I’ve been doing some more than usual research as of late to answer for myself a specific question about CO2 respiration and the amount of man-made CO2 that is reatined versus naturally generated CO2. In doing so I’ve been in some discussion with some people I share an email list with.
One of them pointed out this ESRL (Earth Systems Research Laboratory) animation to me. I immediately found it intriguing because of the disparity between hemispheres:
CO2 (C13) January 1996 to December, 2007
This movie shows the latitude distribution (from south-to-north) of average monthly values derived from the GLOBALVIEW extended records. Cyan circles are average monthly values from sampling locations thought to be regionally representative; pluses are average values from locations thought to be influenced by local sources and sinks. A smooth curve is fitted to the representative measurements when sufficient data exist.

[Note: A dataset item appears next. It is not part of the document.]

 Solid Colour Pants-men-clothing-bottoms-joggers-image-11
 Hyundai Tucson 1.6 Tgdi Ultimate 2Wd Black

Isotopic measurements from NOAA air samples are made by the University of Colorado (CU), Institute of Arctic and Alpine Research (INSTAAR), Stable Isotope Laboratory (SIL).
They caution that this is a derived product, (due to processing, smoothing etc) and does no longer represent raw data on CO2C13, along with other caveats such as this:
These and other measurements have been widely used to constrain atmospheric models that derive plausible source/sink scenarios. Serious obstacles to this approach are the paucity of sampling sites and the lack of temporal continuity among observations from different locations. Consequently, there is the potential for models to misinterpret these spatial and temporal gaps resulting in derived source/sink scenarios that are unduly influenced by the sampling distribution. GLOBALVIEW-CO213 is an attempt to address these issues of temporal discontinuity and data sparseness and is a tool intended for use in carbon cycle modeling.

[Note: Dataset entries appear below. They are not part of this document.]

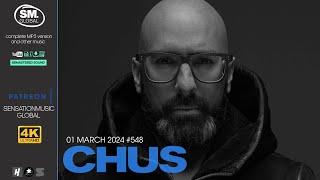 [4K] DJ Chus, Oscar L - InStereo! 548 - 01 March 2024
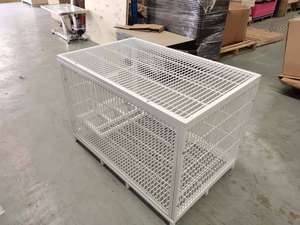 TOPVETMED gabbia per uccelli rete metallica per uccelli allevamento gabbia per uccelli allevamento di piccioni e pappagalli all'ingrosso gabbia per uccelli - Product Image 2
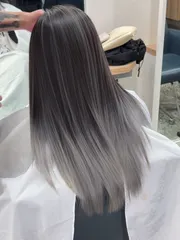 画染灰色作品，設計師 icon，台北大同區關於髮廊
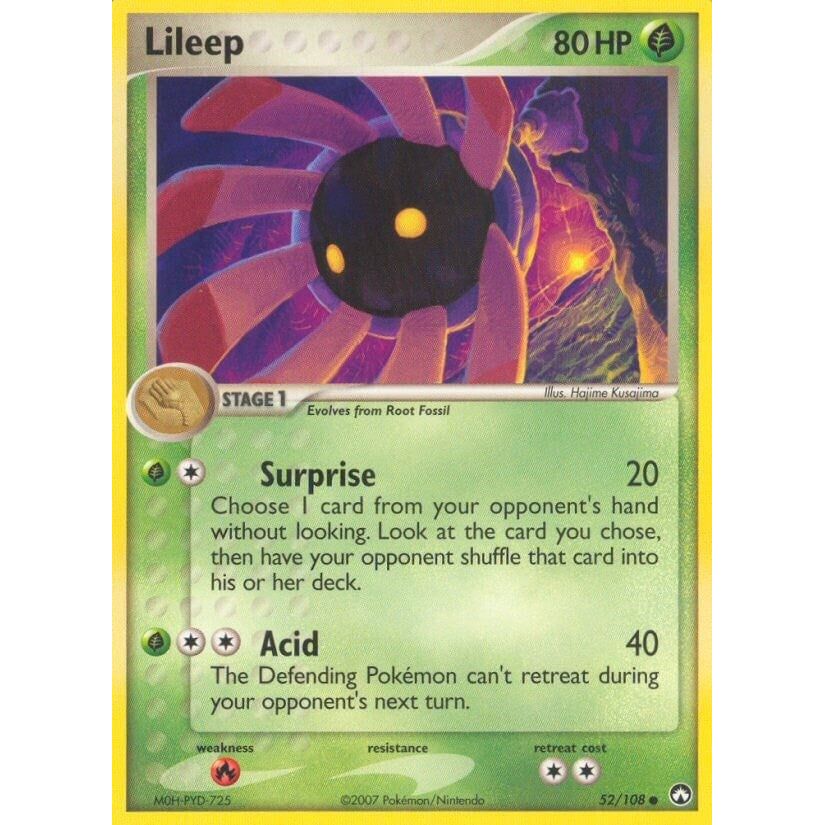Lileep (52/108) (PK)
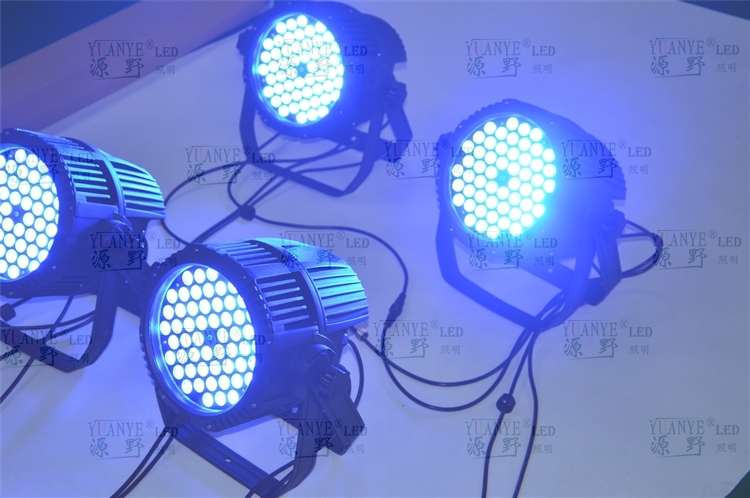 Yuanyeled - IP67 Водонепроницаемый наружный наводнение светодиодная сцена Light 220V 72W 90W RGB RGBW Spot Light AD. n Повторите продукт 12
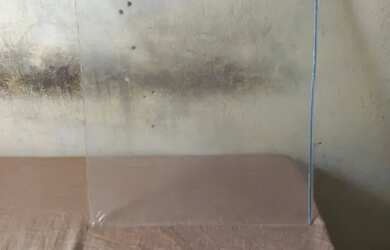 Imagem 2: Chapa de acrílico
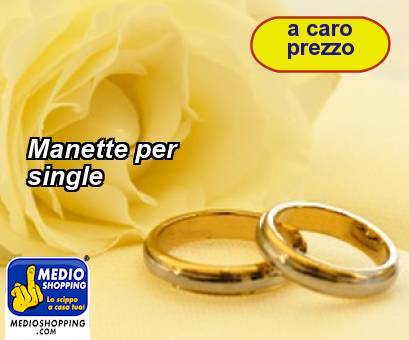 Medioshopping Manette per single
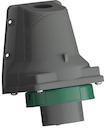 Wall mounted inlets, 3P+E, 32A, >50 V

But still, it is quite informative. Here is a map of the ESRL station distribution. Not all of them are CO2 surface monitoring stations.
Note how the southern hemisphere’s (90S to EQ)CO2C13 content remains nearly steady over the 12 year period, while the northern hemisphere shows major seasonal variation. The greatest variation is at the northernmost latitude, with data that likely comes from the Alert, Nunavut, Canada and the Ny-Alesund, Svalbard ESRL monitoring station.
You can see by the seasonal variation in the movie that when it is warmer, more CO2C13 is being released into the atmosphere, when it is colder, more CO2 C13 is taken out. It demonstrates a short term linkage between CO2 and temperature. While the “paucity of sampling” in the Southern Hemisphere is evident from the map, I find it curious that there is virtually no seasonal variation there, compared to the dance of the datapoints north of the equator, the ones south of the equator are wallflowers.